§ Problem to solve: Under this line are the records; repeat exactly the lines starting at the one containing "Obra nueva - Villa - Altea" and ending at the one containing "Citroen C3 ---2020", omitting pictures.

§ Dataset extract:
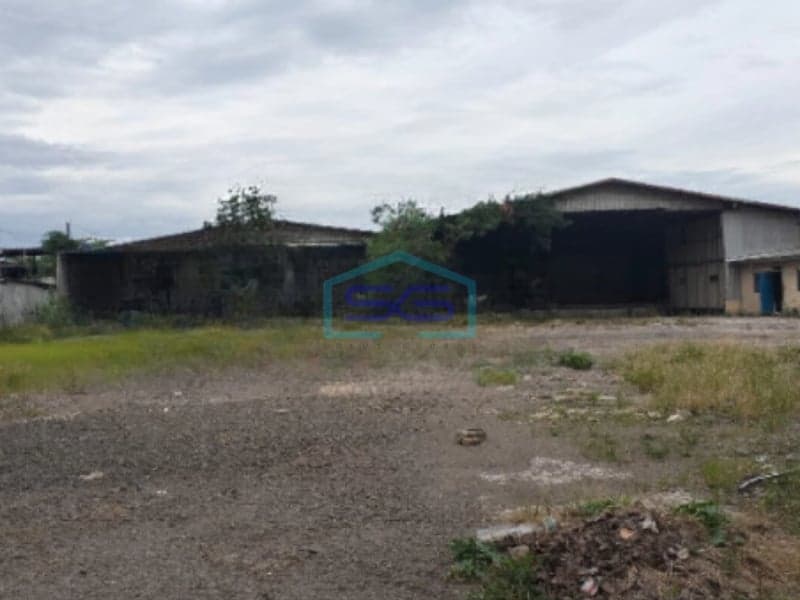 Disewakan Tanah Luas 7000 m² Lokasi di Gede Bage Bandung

---

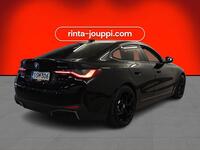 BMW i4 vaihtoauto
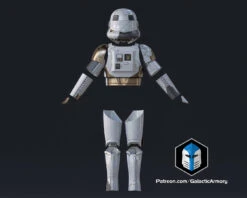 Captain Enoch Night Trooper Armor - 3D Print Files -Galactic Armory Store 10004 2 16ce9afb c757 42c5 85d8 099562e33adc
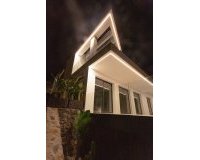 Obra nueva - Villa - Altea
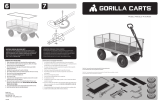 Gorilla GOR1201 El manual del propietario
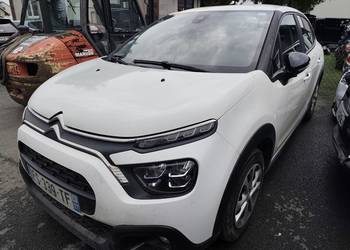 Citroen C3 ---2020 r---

---

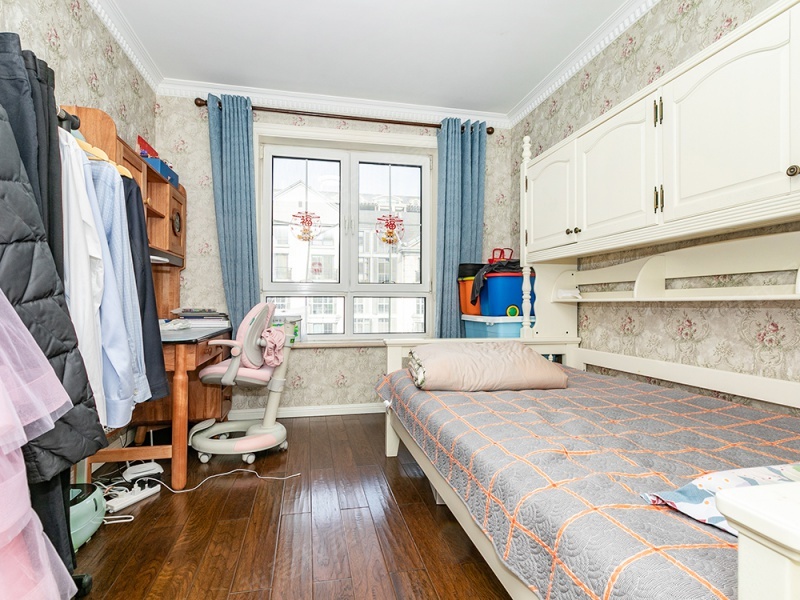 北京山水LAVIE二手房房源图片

§ Solution to the exercise:
 Obra nueva - Villa - Altea
 Gorilla GOR1201 El manual del propietario
 Citroen C3 ---2020 r---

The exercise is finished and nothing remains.